Elles soutiennent que l'activité de voiturier ne nécessitait pas une autorisation et que si tel était le cas, c'est l'appelante qui ne respectait pas les règles de mise en concurrence dès lors qu'elle n'avait pas pu soumissionner à un appel d'offre. Elles se prévalent d'une ordonnance de référé du tribunal administratif de Bordeaux.
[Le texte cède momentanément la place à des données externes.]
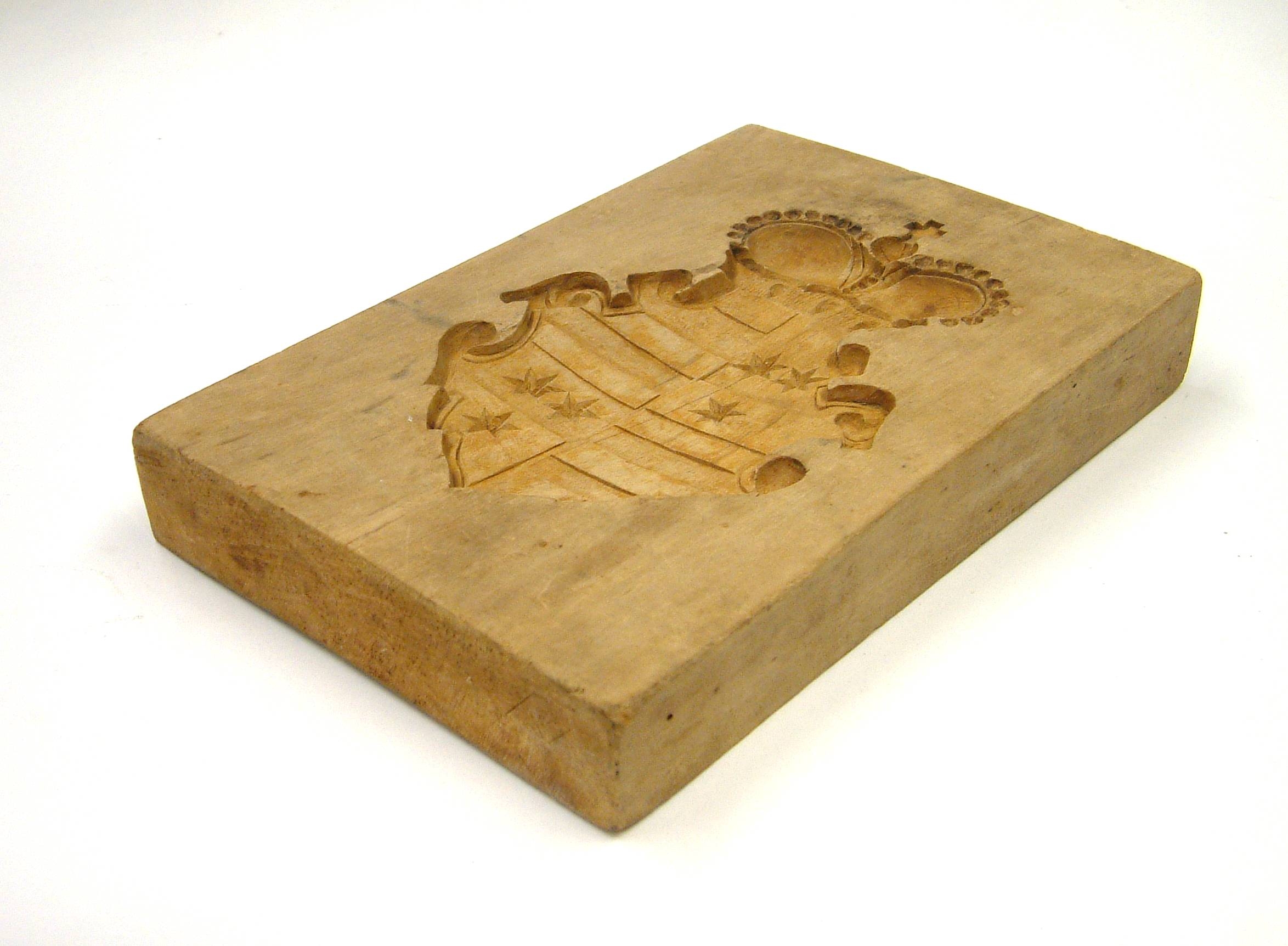 Detail a: Holzmodel, Wappen der Grafen / Grafschaft Erbach (Odenwald), um 1800, tiefe Schnitzarbeiten, viergeteiltes Barockwappen der Linie Erbach-Breuberg, ...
Elles contestent avoir commis une faute et forment appel incident sur les injonctions contenues au dispositif du jugement alors qu'elles avaient cessé d'utiliser les mentions litigieuses depuis plusieurs mois et que l'appelante les met dans une situation désavantageuse ses concurrents employant les termes " parking aéroport ". Elles contestent l'existence d'un préjudice en faisant valoir que la cour ne peut se fonder sur un rapport non contradictoire alors en outre que la fréquentation des parkings de l'appelante a augmenté.

La clôture de la procédure a été prononcée selon ordonnance du 19 février 2020.

MOTIFS DE LA DÉCISION

Les intimées ont développé des écritures communes sans présenter un argumentaire particulier pour la société Park My Car Group. Aussi pour la commodité de l'exposé elles seront ci-après désignées, sauf précision expresse, comme les intimées ou la société P&T.

L'appelante sollicite en premier lieu qu'il soit fait injonction aux intimées de cesser le service de voiturier que la société P&T a mis en place. L'appelante fait valoir que cette activité où la société P&T propose de récupérer le véhicule du client dans l'enceinte de l'aéroport pour aller le stationner dans son parking et de le restituer dans l'enceinte de l'aéroport au retour constitue une activité commerciale sur l'emprise de l'aéroport, sans autorisation l'y habilitant.

Elle se prévaut des dispositions de l'arrêté de police du 20 novembre 2012 et de l'article 30 al 1 du cahier des charges type applicable aux concessions aéroportuaires annexé au décret du 23 février 2007.

Les intimées ne peuvent ainsi se prévaloir d'une autre espèce où il était fait application de dispositions différentes et plus précisément l'article 33 d'un arrêté préfectoral de 1995 relatif à l'exploitation de l'aéroport de Saint Denis de la Réunion.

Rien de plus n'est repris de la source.